# WHAT THIS TASK INVOLVES
Repeat the lines of the data exactly and exclude any picture among them.

*** Block opens ***

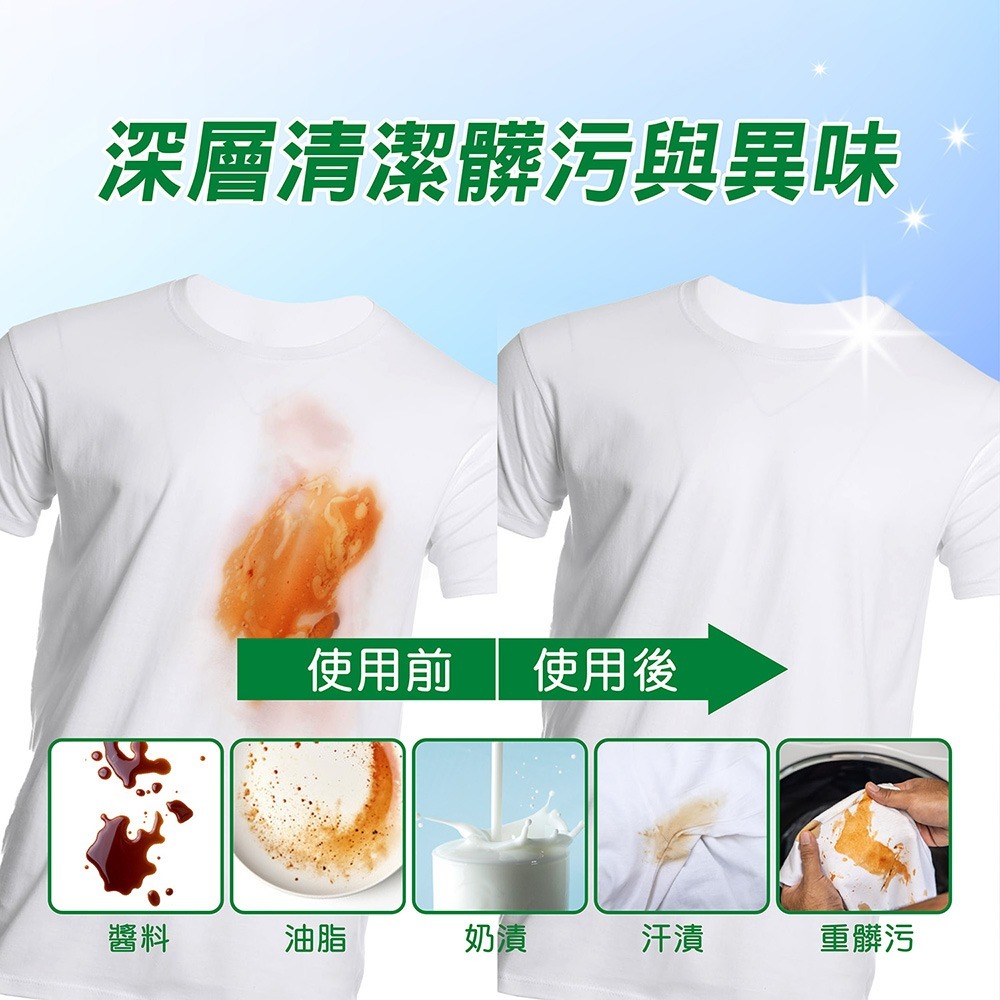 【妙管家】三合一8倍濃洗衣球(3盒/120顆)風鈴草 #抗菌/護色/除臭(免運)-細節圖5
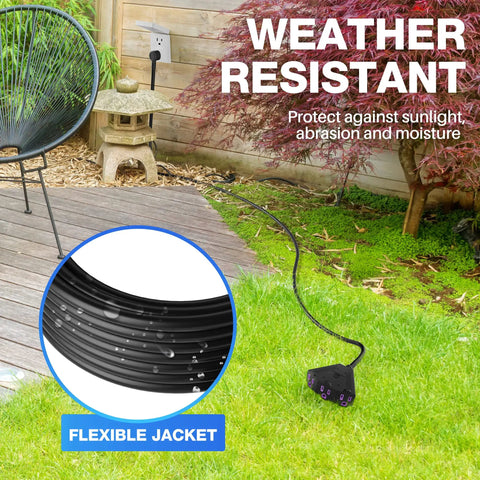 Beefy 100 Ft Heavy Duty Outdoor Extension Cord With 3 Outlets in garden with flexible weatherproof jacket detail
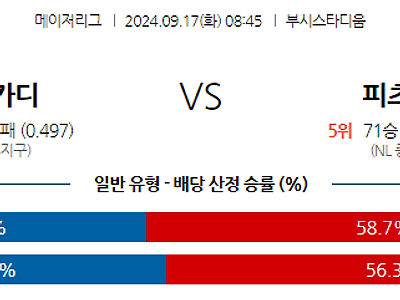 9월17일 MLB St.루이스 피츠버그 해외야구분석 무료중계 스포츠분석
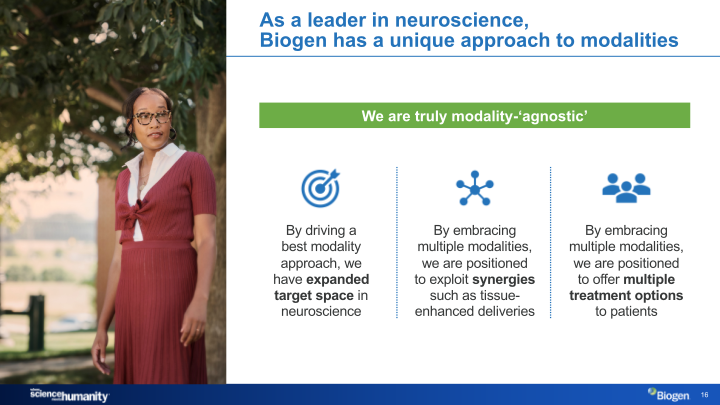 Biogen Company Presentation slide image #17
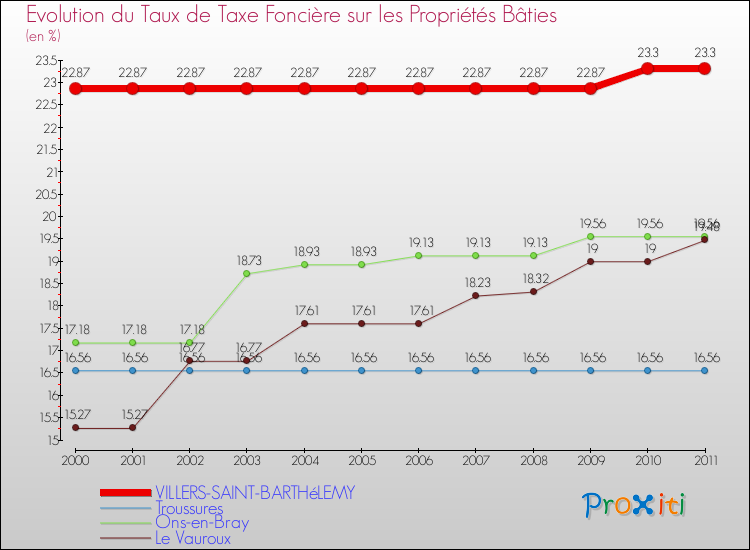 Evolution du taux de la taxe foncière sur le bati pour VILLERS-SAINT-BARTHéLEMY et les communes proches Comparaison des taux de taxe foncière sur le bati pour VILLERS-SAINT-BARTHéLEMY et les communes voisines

*** Block closes ***

# COMPLETED TASK
 【妙管家】三合一8倍濃洗衣球(3盒/120顆)風鈴草 #抗菌/護色/除臭(免運)-細節圖5
 Beefy 100 Ft Heavy Duty Outdoor Extension Cord With 3 Outlets in garden with flexible weatherproof jacket detail
 9월17일 MLB St.루이스 피츠버그 해외야구분석 무료중계 스포츠분석
 Biogen Company Presentation slide image #17
 Evolution du taux de la taxe foncière sur le bati pour VILLERS-SAINT-BARTHéLEMY et les communes proches Comparaison des taux de taxe foncière sur le bati pour VILLERS-SAINT-BARTHéLEMY et les communes voisines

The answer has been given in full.